Quid Pro Quo, translating to 'something for something', is often used in legal and business contexts to refer to an exchange where one thing is given in return for another. It implies a mutual agreement or consideration where both parties receive something of value.
Ratification refers to the official approval or confirmation by a person or entity of a previous contract or act, which would not be legally binding without such approval. It often occurs in situations where the initial agreement was not properly authorized or where further consent is essential for the agreement's enforceability.
The term 'reasonable time' refers to a subjective standard based on the facts and circumstances within a particular case, with applicability in a variety of legal contexts, especially in commercial law.
Reformation is an equitable remedy consisting of a court-ordered revision of a contract to accurately reflect the true intentions of the parties involved, primarily used when the written terms do not match what was actually agreed upon.

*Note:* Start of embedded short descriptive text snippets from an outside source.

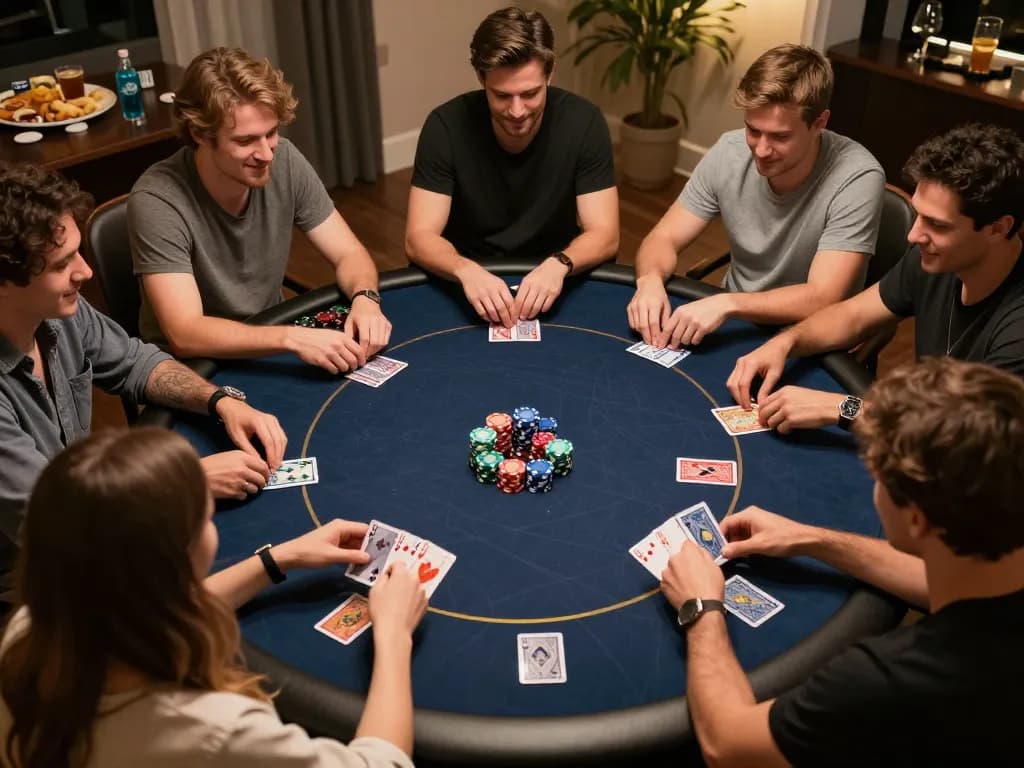 Players enjoying a strategic game of poker at home as they relax and connect, featuring F168 ambiance.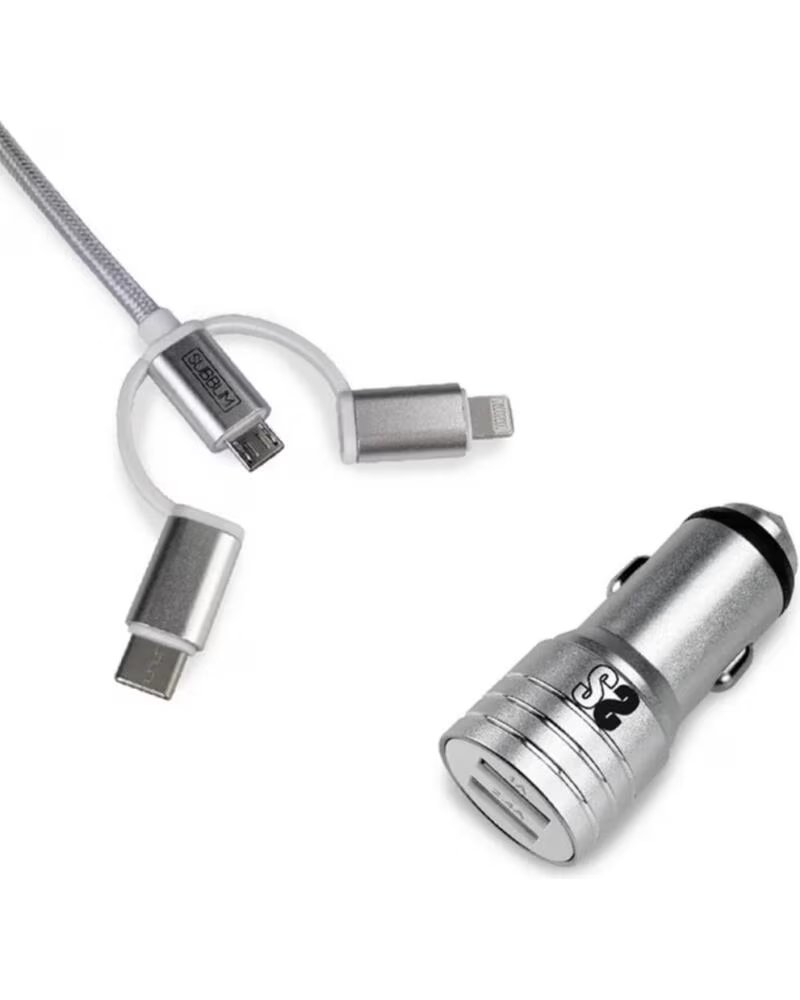SUBBLIM CARGADOR DE COCHE USB 12W CON MARTILLO DE SEGURIDAD Y CABLE 3 EN 1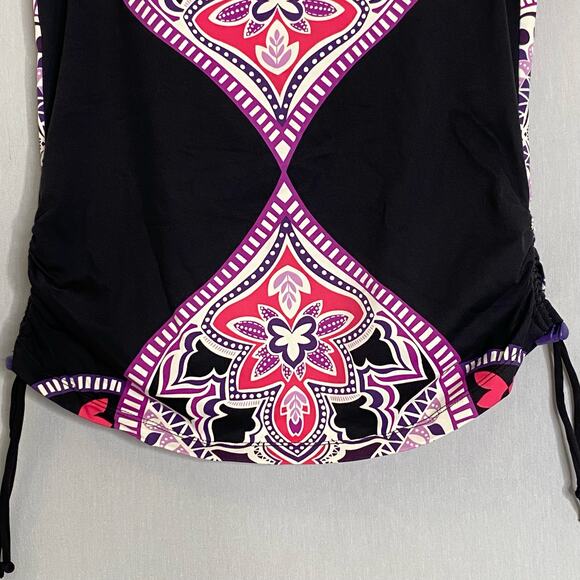 Athleta Tankini Top Womens Small Racer Back Multicolor Abstract Print Molded Cup - Picture 3 of 11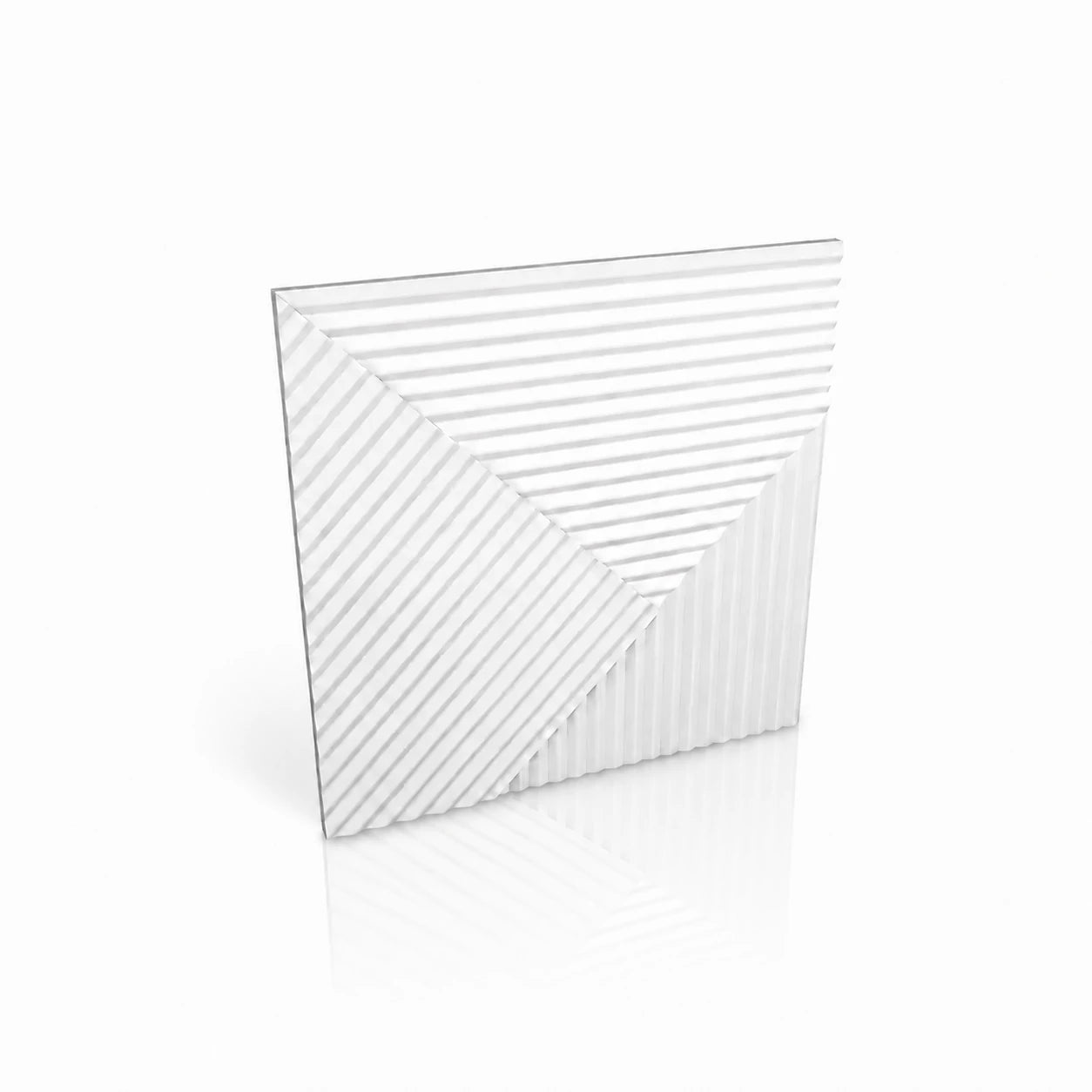 White 3D polystyrene wall panel with ribbed stripes arranged in a geometric pattern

Renegotiation is the process of legally revising the terms of a contract to better suit the needs of the involved parties due to changing circumstances or the realization that original terms are no longer applicable or fair.
Rescission refers to the cancellation of a contract and the return of the parties to their pre-contractual positions. It may occur due to various reasons including fraud, failure of consideration, or a material breach.
A restrictive covenant is a clause, which can either restrict the freedom of an individual or entity in a business agreement or affect the usage of land, thereby setting specific limitations and obligations.
In common law, a seal is an impression on wax or another substance capable of being impressed, used to attest to the execution of an instrument. The term 'seal' and the letters 'L.S.' (locus sigilli, 'place of the seal') are commonly used for the same purpose today.
A service contract is a legally binding agreement between an employer and a director or other very senior employee, outlining terms of employment, responsibilities, and protections for both parties.
Several liability is a legal concept in which multiple parties can be held independently responsible for their own specified obligations or debts in a contractual agreement.
Specific performance is a legal remedy in contract law, requiring the breaching party to fulfill their obligations under the contract, typically enforced when the subject matter is unique.
A stipulation refers to a specific term or condition within a written contract, or any set of agreed-upon terms and conditions that establish duties, rights, and responsibilities of the parties involved.
Substitution refers to the act of replacing one element with another in various contexts including banking, contract law, economics, law, and securities.
A surety bond is a legally binding contract involving three parties: the principal, the surety, and the obligee, where the surety agrees to fulfill the obligation if the principal defaults.
A lease agreement where the duration is fixed and agreed upon by both parties, running for a specific term such as two months, three years, ten years, and so on.
Tender of Delivery refers to the seller's placement of goods at the buyer's disposal in accordance with the terms of the contract. Failure to tender delivery or refusal to take delivery may constitute a breach of contract.
A title retention clause, commonly known as a Romalpa clause, is a contractual clause ensuring that the seller retains ownership of the goods supplied until the buyer has paid the full purchase price.
A unilateral contract is an agreement whereby one party makes a promise to do, or refrain from doing, something in return for an actual performance by the other party, rather than a mere promise of performance.
Valuable consideration refers to any promised payment or benefit that can be legally enforced by a promisee against an unwilling promisor, typically involving money, extension of time, or other economic equivalents.
Intentional and voluntary surrender of some known right, which generally may either result from an express agreement or be inferred from circumstances.